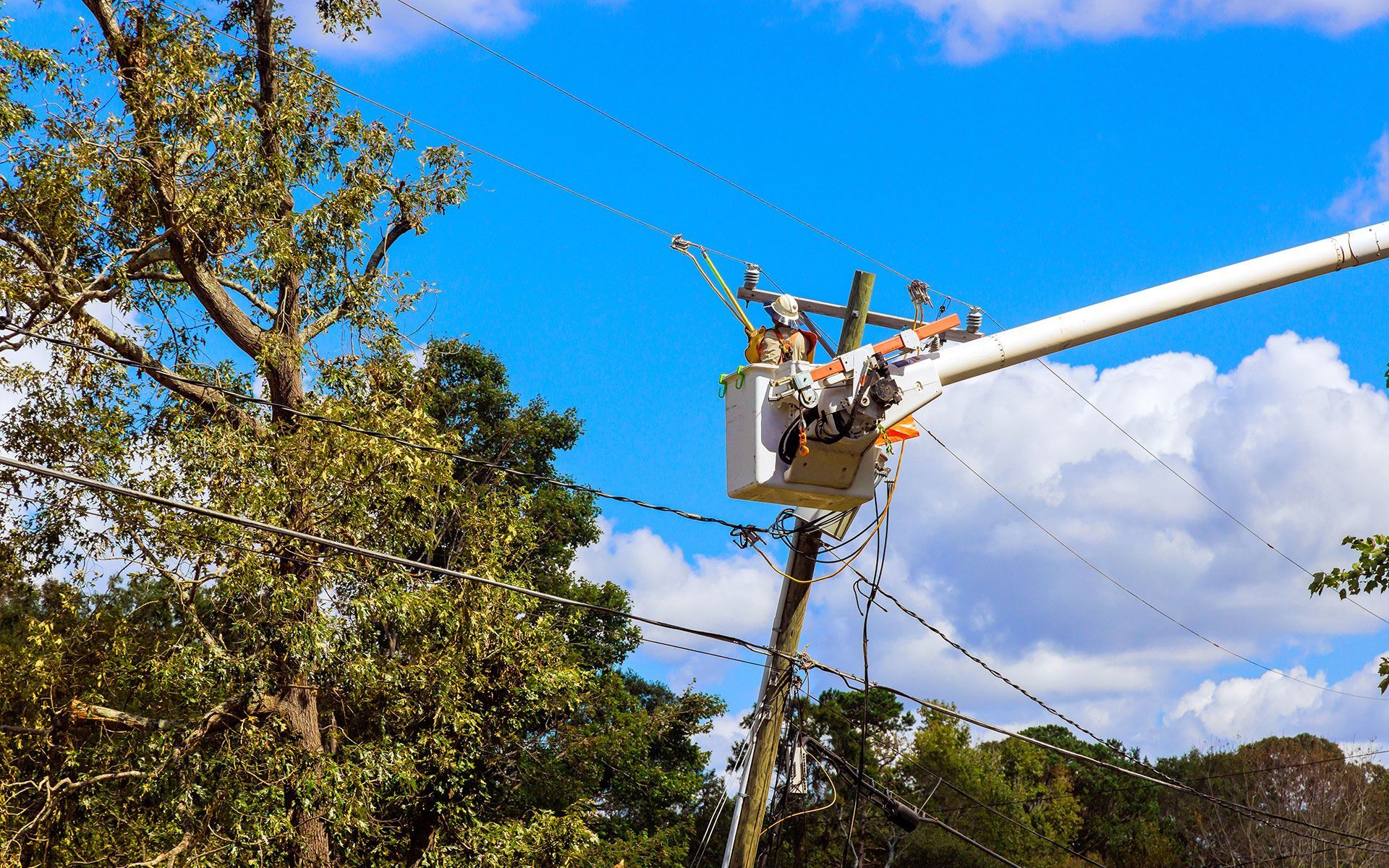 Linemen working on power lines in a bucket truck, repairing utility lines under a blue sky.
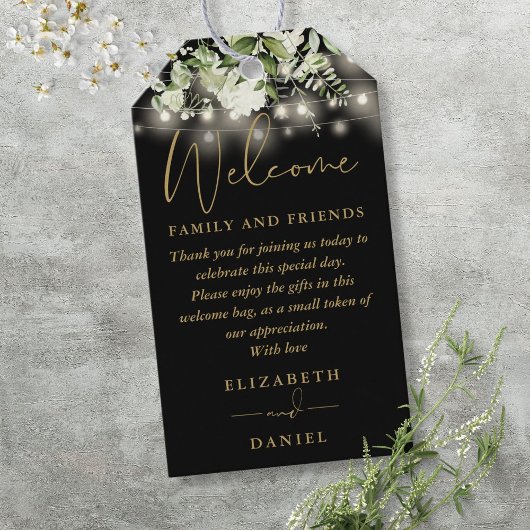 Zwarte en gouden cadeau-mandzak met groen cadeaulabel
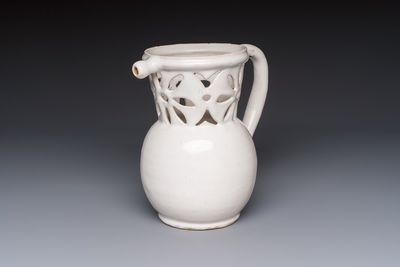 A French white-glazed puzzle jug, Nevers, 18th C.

*WHAT THE EXERCISE ASKS*
Type the lines above out again exactly as they appear, skipping every picture.

*FINISHED TASK*
 Linemen working on power lines in a bucket truck, repairing utility lines under a blue sky.
 Zwarte en gouden cadeau-mandzak met groen cadeaulabel
 A French white-glazed puzzle jug, Nevers, 18th C.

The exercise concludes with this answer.